The Case for Leasing — What the Numbers Actually Show
In the first episode of Inside the Lease, Kelly Strausser, COO of D&M Leasing, and Chase Kennemer, President of D&M Leasing in Ft. Worth, sit down to talk about one of the more persistent questions in consumer auto finance. Does buying a vehicle actually make more financial sense than leasing?
The answer depends almost entirely on how a driver actually uses their car.

Strausser opens with a straightforward benchmark. True ownership means paying cash, holding the title, and driving the vehicle for 10 to 12 years without a payment. For someone willing to do that, financing can pencil out. For everyone else, the math shifts considerably.
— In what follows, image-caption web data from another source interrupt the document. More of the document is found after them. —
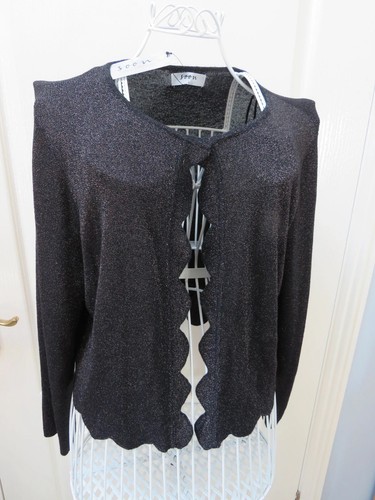 Bolero occasion cardigan size - occasion,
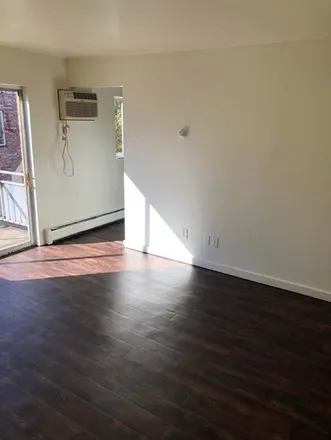 Rent this 1 bed apartment on 2644 Harrison Ave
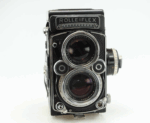 Rolleiflex 2,8F white face Xenotar 2,8 80mm Rollei Kamera Camera 95091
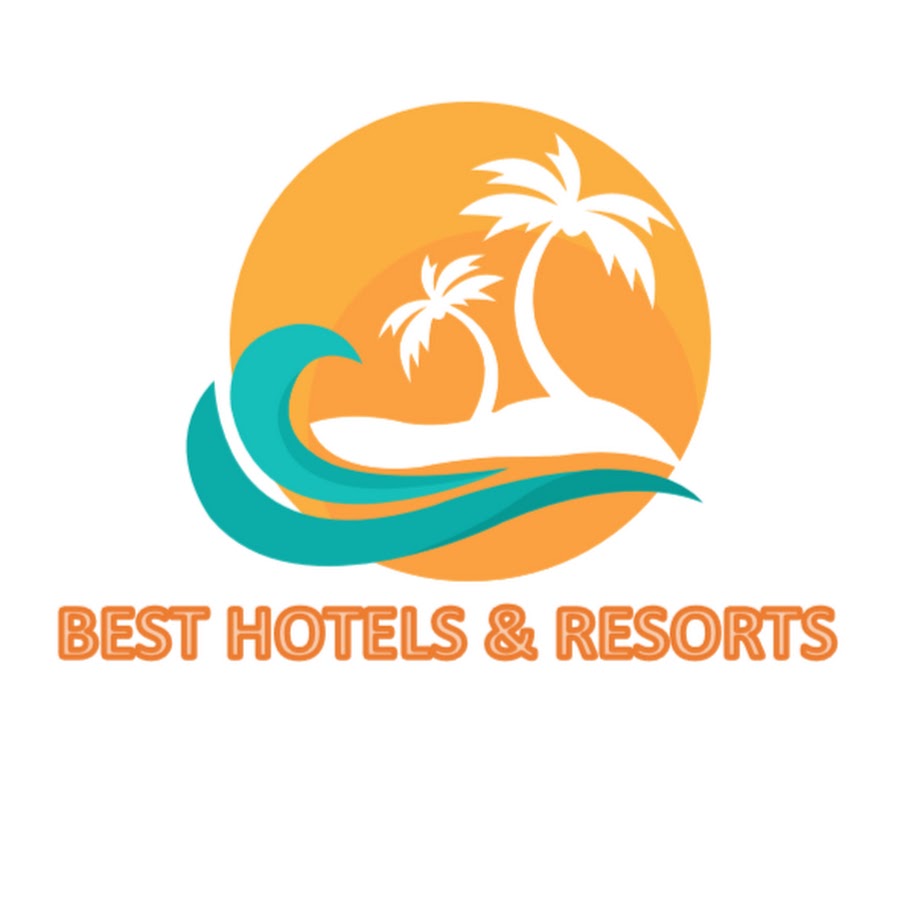 Best Hotels & Resorts यूट्यूब चैनल अवतार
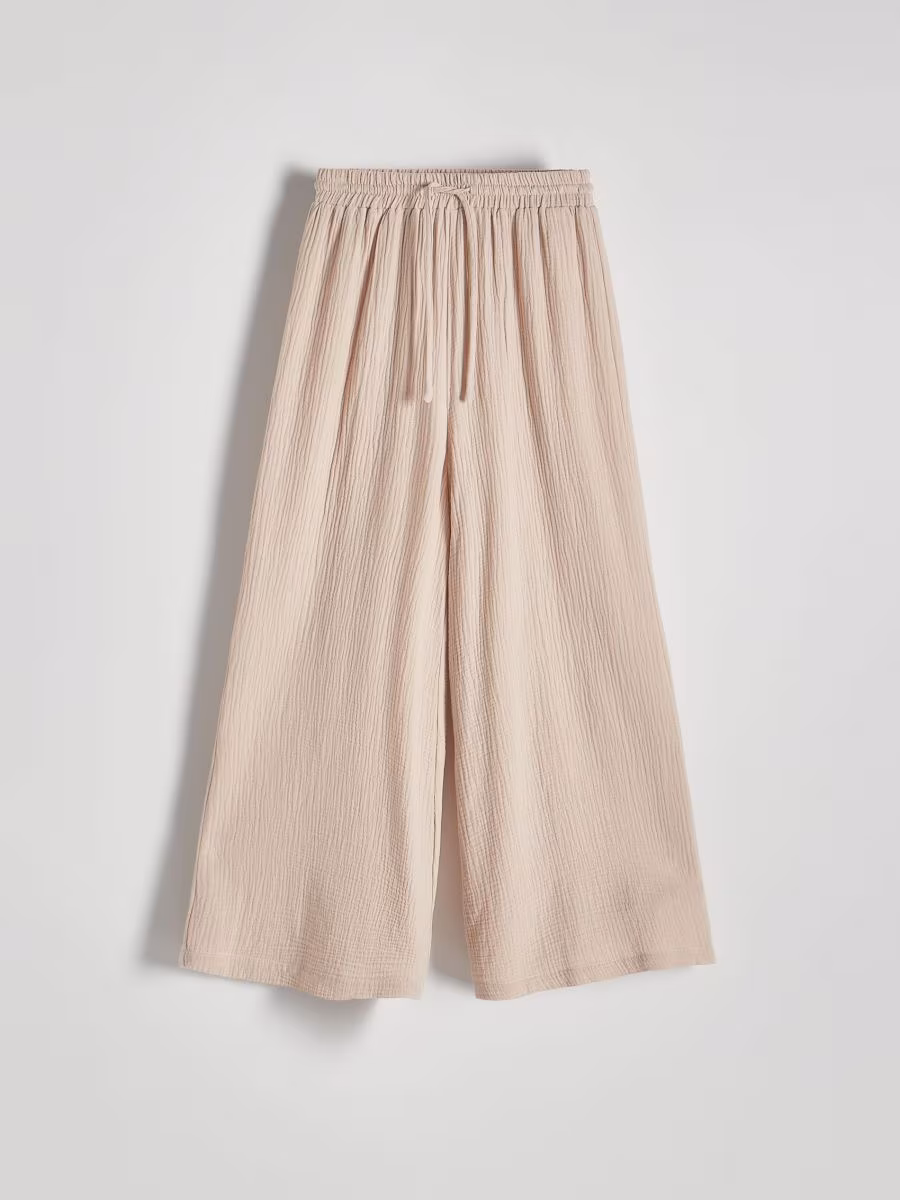 Culotte Trousers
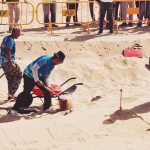 Nuevos restos humanos en el yacimiento de San Marcial de Rubicón podrían revelar los primeros casos de mestizaje en Canarias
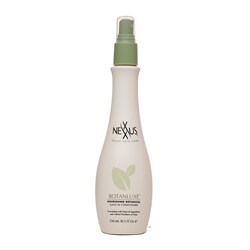 Botanluxe Leave-in by Nexxus 8.5-oz Conditioner (Pack of 4)
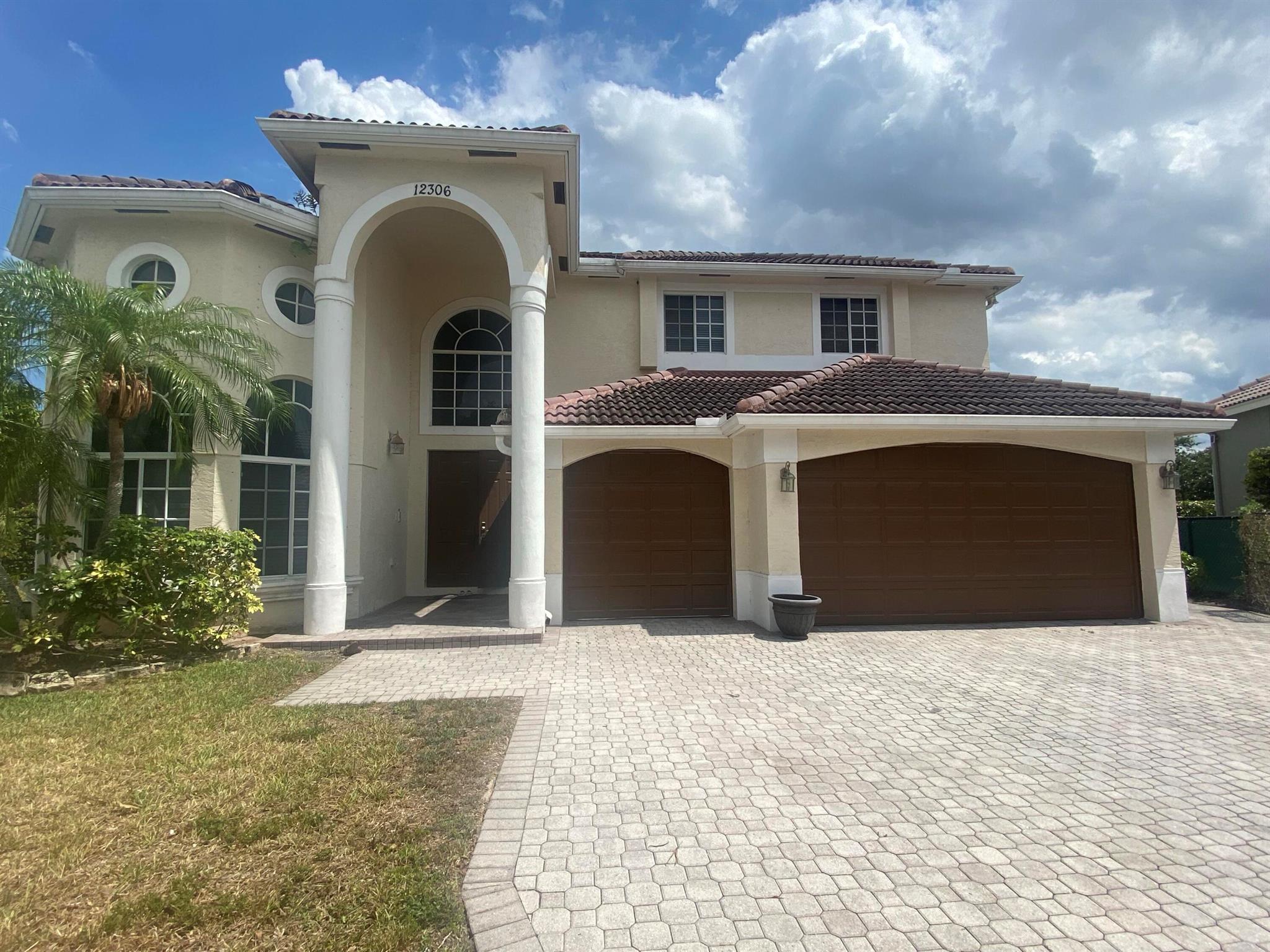 12306 Nw 25 Street Coral Springs FL 33065 | R10994823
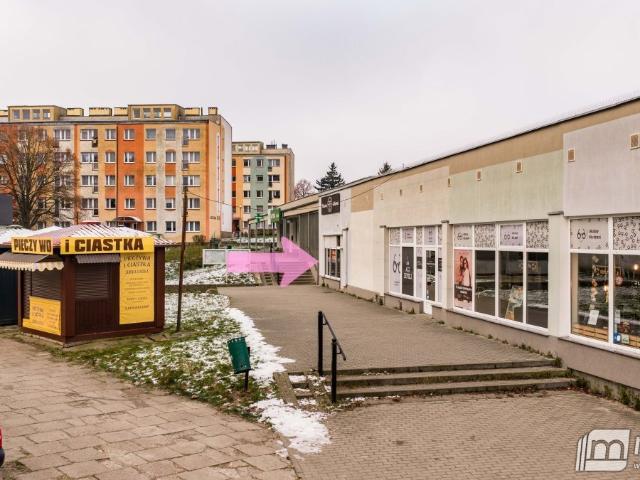 Mieszkanie na sprzedaż w Koszalin, Zachodniopomorskie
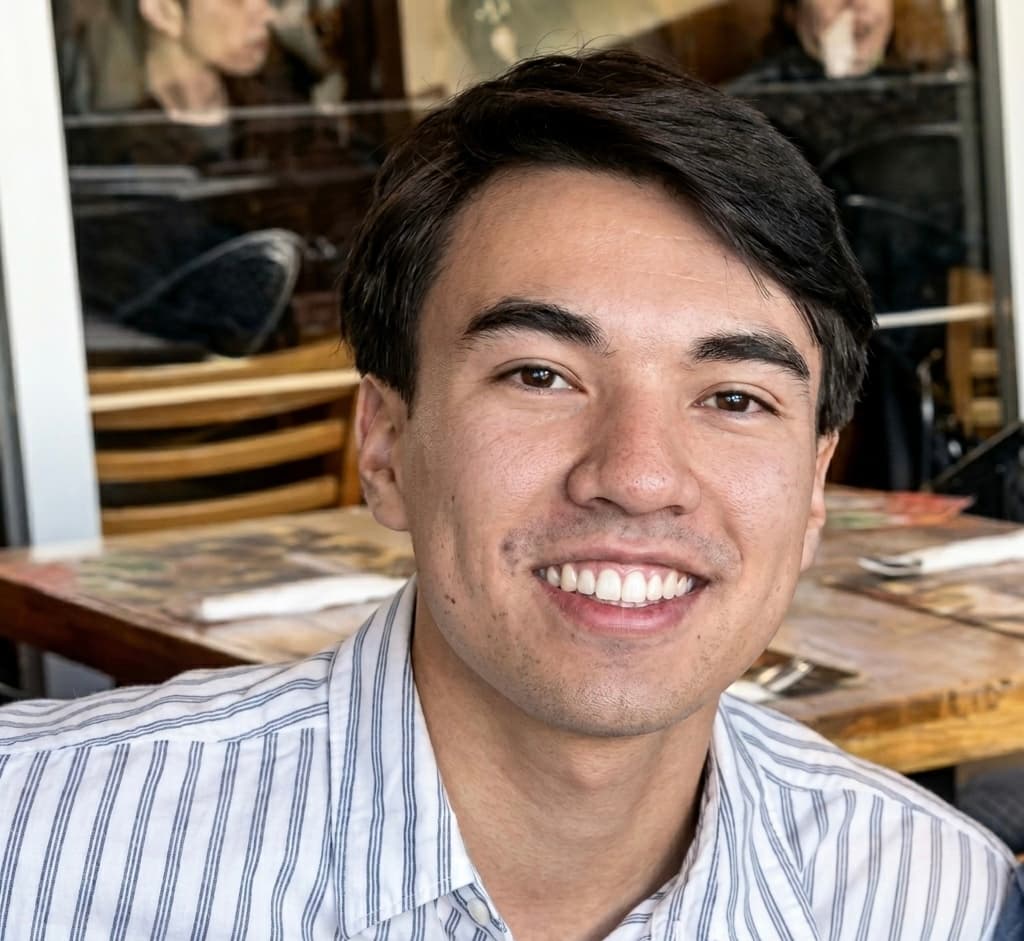 Dario Avila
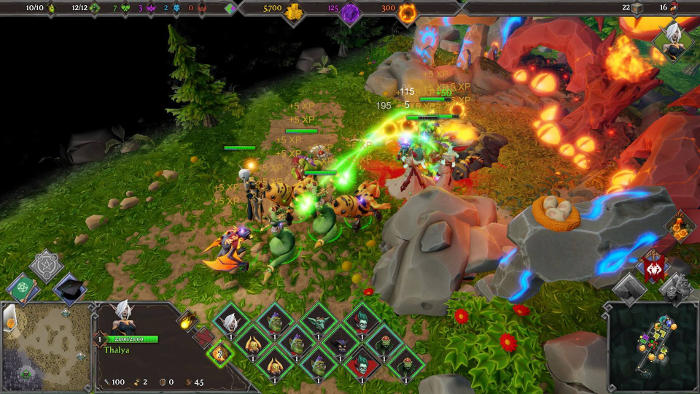 Dungeons 3 (image 6)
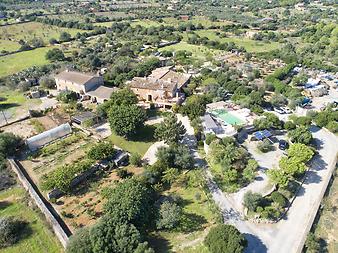 Finca Sa Gruta Vella: 11sa gruta vella dron.JPG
Many people in Texas trade vehicles every three to five years. When someone finances over 72 or 84 months and trades before the loan ends, they don’t walk away with equity. They walk away with negative equity, which then gets rolled into the next deal. Interest compounds on top of it. Over two or three vehicle cycles, what started as a manageable loan becomes a debt position that’s genuinely difficult to exit.
Kennemer describes it as a trap that tightens with each trade. A buyer loses their down payment on the first deal, carries a small negative balance into the second, and by the third vehicle finds themselves $10,000 to $15,000 upside down with fewer financing options and less negotiating leverage. At that point they often get steered toward vehicles with large manufacturer rebates, not because those vehicles are the right fit, but because the rebate is large enough to absorb the rolled debt and still get a bank to approve the loan.
One of the more counterintuitive points both Strausser and Kennemer make is that a vehicle depreciates at the same rate regardless of how it was purchased. If two people buy the same truck with the same mileage and the same equipment and trade it on the same day, the trade-in value is identical, whether one paid cash and one leased. The market values the vehicle based on make, mileage, condition, and time. How it was financed doesn’t factor in.
A lease, when structured properly, is built around the way someone actually uses a vehicle. Term length, mileage, and monthly cost are aligned to real driving habits rather than reverse-engineered from a payment ceiling. The goal is to match the financing to the depreciation curve so the driver isn’t carrying money into a trade that the market won’t give back.
Currently about 20% of Texans lease. In some northeastern markets that number is closer to 70 to 80%. Strausser attributes part of that difference to education. Those markets started leasing earlier, built familiarity with the structure, and over time it became the default for drivers who trade regularly.
Inside the Lease is a video series focused on automotive finance education for Texas consumers.